Temporal landmarks can be positive or negative. Acknowledging and progressing through positive landmarks make us feel good and encourages us to stay focused and productive. Celebrating success also releases dopamine. Studies have shown that we’re less likely to procrastinate on achieving our goals when it comes to a new temporal timeframe - this could be a new year, month, season or phase of a project. This is known as the ‘fresh start effect’, for example, research into this effect found that the term ‘diet’ is searched for more at the beginning of a week, month or year. As a result of passing a temporal landmark, people are keen to start the new time period with achievements and success, and so are more likely to invest time and effort. Psychologically, the impact of a fresh start is a feeling of optimism, hope and renewal. This induces a sense of motivation and encourages us to fill the new time period with positive progress and achievement.
How to use temporal landmarks in your project
Projects are full of opportunities to celebrate temporal landmarks - the approval of business cases, completion of project phases, delivery of outputs or the realisation of benefits. When it comes to maximising the effect of temporal landmarks within projects, there are a few things we can do:
1. Focus on proximity
We have a natural tendency to perceive events that are closer to us in time, as more significant than those that are further away. Within the field of psychology this is known as temporal discounting. When it comes to planning the duration of project phases, keep them short. By breaking projects into manageable chunks that are close in time, we generate more frequent temporal landmarks which are viewed as more significant.
2. Generate strategic landmarks
If we’ve had a challenging or particularly unsuccessful period during a project, recognising a temporal landmark is an effective way of separating out those negative experiences.
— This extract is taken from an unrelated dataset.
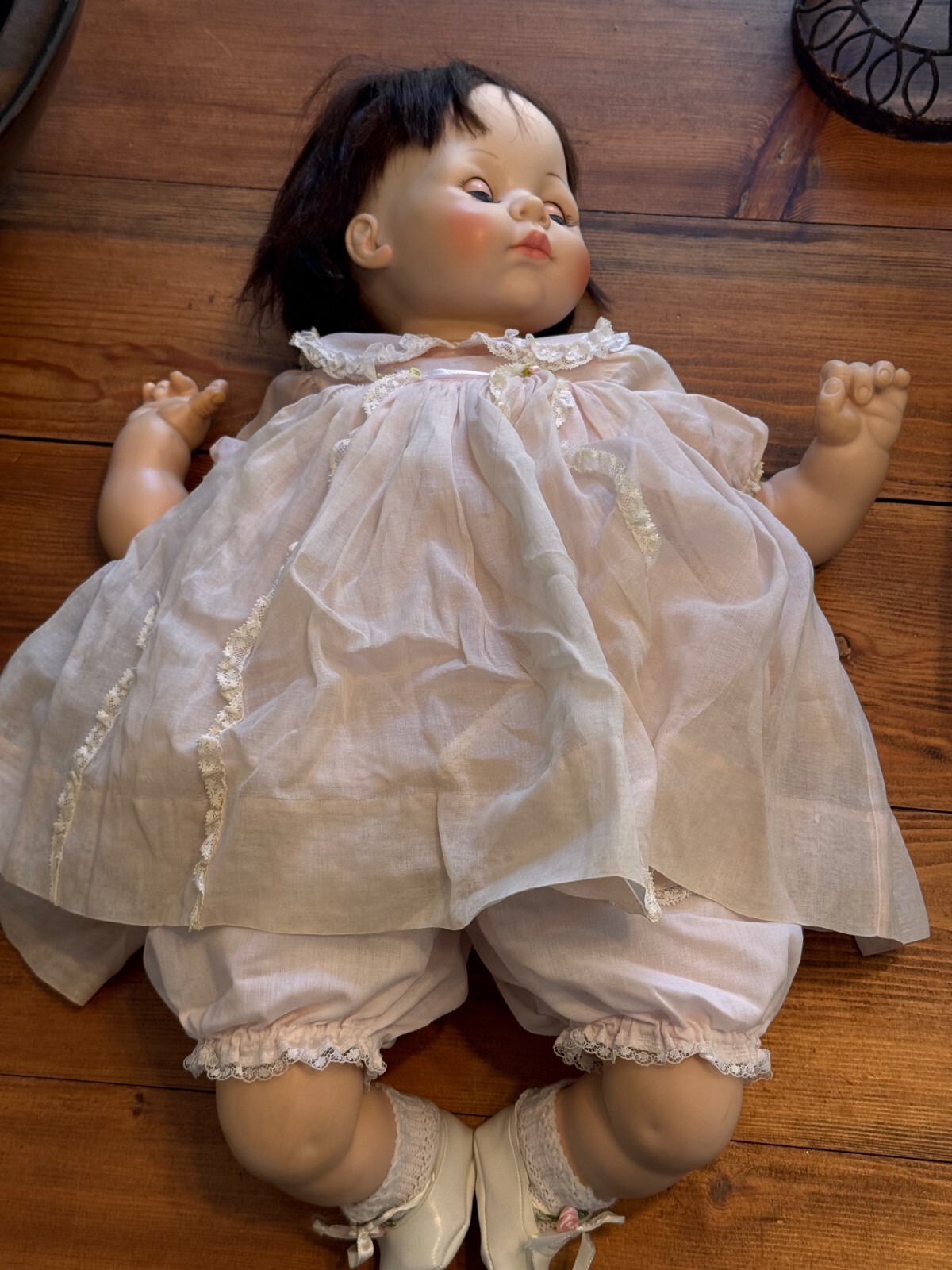 Vintage Madame Alexander 1965 Baby Doll 22" with Christening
This creates a psychological fresh start and relegates the challenges of the past into a different psychological time period, allowing us to move on with a renewed sense of vigour and optimism. Create a ‘fresh start’ by defining and announcing a new phase of the project or recognising a new month, quarter, or year to reinvigorate people’s motivation.
3. Look to the future
In addition to recognising and celebrating temporal landmarks that have passed, it’s important to look to the future and more specifically, to the next temporal landmark. Scheduling, communicating and promoting upcoming milestones acts as a key motivator, encouraging people to invest time and effort in something which feels achievable and within reach. Organising a kick-off or close-out event for key project phases is an effective technique for drawing attention to future landmarks.
Do you know when your next temporal landmark is for the project that you work on?
Rodzon, K., Berry, M. and Odum, Amy. 2010. Within-Subject Comparison of Degree of Delay Discounting Using Titrating and Fixed Sequence Procedures. Behavioural processes. 86, pp.164-7.
Scarlett, H. 2016. Neuroscience for Organizational Change: An Evidence-based Practical Guide to Managing Change. London: Kogan Page.
Dai, H., Milkman, K.L. and Riis, J. 2014. The fresh start effect: Temporal landmarks motivate aspirational behavior. Management Science, 60(10), pp. 2563–2582.